**ACTIVITY**: Restate every line of the material below word for word, skipping the images.

**RECORDS**:

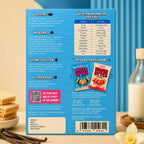 Daydream Vanilla Waffer Bytes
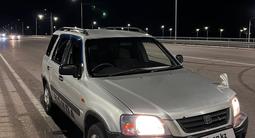 Honda CR-V 1996 года за 1 600 000 тг. в Алматы – фото 3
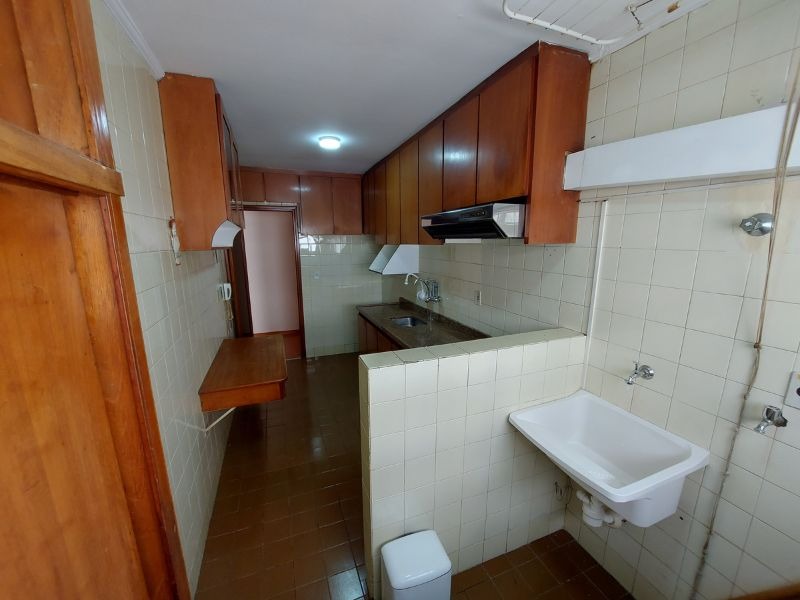 Apartamento à venda com 2 quartos, 58m² - Foto 6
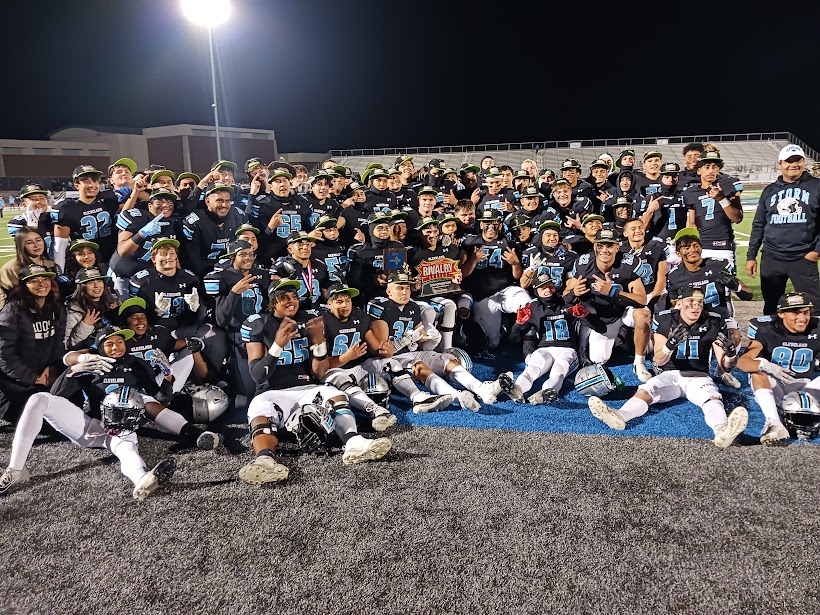 Sights and Sounds: City of Vision Rivalry Game (Recap and Video)
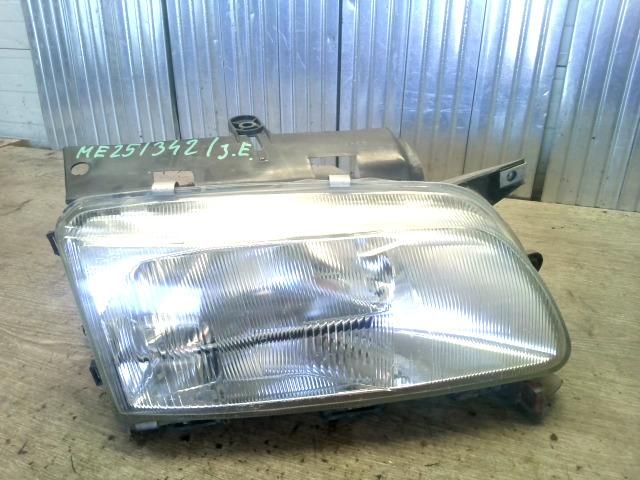 bontott CITROËN BERLINGO Jobb Fényszóró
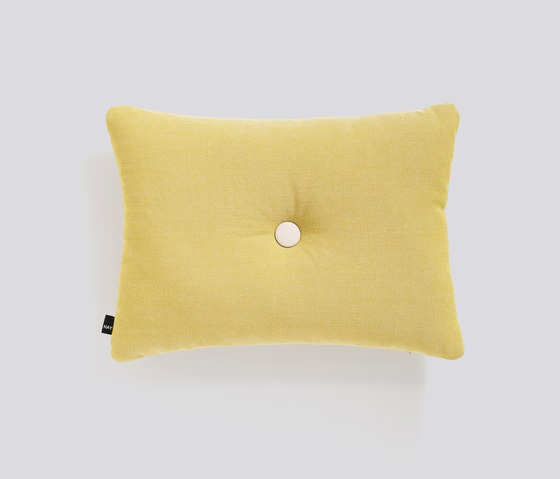 Dot Cushion Rime | Cushions | HAY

**WRITTEN RESPONSE**:
 Daydream Vanilla Waffer Bytes
 Honda CR-V 1996 года за 1 600 000 тг. в Алматы – фото 3
 Apartamento à venda com 2 quartos, 58m² - Foto 6
 Sights and Sounds: City of Vision Rivalry Game (Recap and Video)
 bontott CITROËN BERLINGO Jobb Fényszóró
 Dot Cushion Rime | Cushions | HAY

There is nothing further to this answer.